Com um cateter com transdutor de pressão e balonete para oclusão (como o cateter de Swan-Ganz) são realizadas medidas da pressão da veia hepática e da pressão de oclusão (que reflete a pressão no sistema porta). Assim, é possível calcular o gradiente de pressão venosa hepática e inferir se o aumento pressórico é pré-sinusoidal (seja pré-hepático ou intrahepático), sinusoidal ou pós-sinusoidal (intrahepático ou pós-hepático).

Tratamento

O primeiro passo do tratamento da hipertensão portal é identificar a sua causa e, se possível, ofertar tratamento da etiologia. Para citar alguns exemplos, isso pode incluir antivirais nas hepatites virais B e C, abstinência de álcool, antiparasitários em pacientes com esquistossomose, anticoagulação em pacientes com síndromde Budd-Chiari. Outras intervenções dependem das complicações que o paciente estiver apresentando.

Como medidas gerais para todos os pacientes, deve-se lembrar da vacinação para hepatite B, hábitos alimentares saudáveis, realização de atividades física e abstinência ao álcool. Rastreamento de varizes esofágicas deve ser realizado no momento do diagnóstico do quadro e, se ausentes, a cada 3-5 anos.

Pacientes com
sangramento digestivo
, para além do manejo agudo, devem receber beta-bloqueadores (não seletivos) e/ou fazer ligadura das varizes para prevenção. Em casos recorrentes pode-se utilizar TIPS (do inglês -
transjugular intrahepatic portosystemic shunt
) para reduzir o risco de recorrência. Essa intervenção reduz a pressão no sistema porta criando comunicação adicional entre estes dois sistemas venosos por dentro do parênquima hepático. Seu principal problema é o aumento do risco de encefalopatia hepática. Para a
ascite
o primeiro passo é tratamento com diuréticos, restrição salina e paracenteses. Em casos de recorrência frequente, pode-se considerar uso de TIPS. Naquelas pessoas com ascite que desenvolvem
peritonite bacteriana espontânea
deve-se realizar tratamento com antibióticos. Já na
encefalopatia hepática,
o principal tratamento é manter evacuações constantes para reduzir a produção de amonia e outros compostos nitrogenados no trato digestivo.

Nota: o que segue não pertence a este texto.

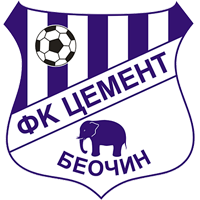FK CEMENT BEOČIN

Por fim, em casos avançados, com múltiplas manifestações ou com manifestações de difícil controle, o tratamento definitivo para a maioria das etiologias de hipertensão portal é o transplante hepático. O escore de
MELD
(do inglês
Model for End-Stage Liver Disease
) costuma ser utilizado nesta decisão e para organização da fila de transplantes.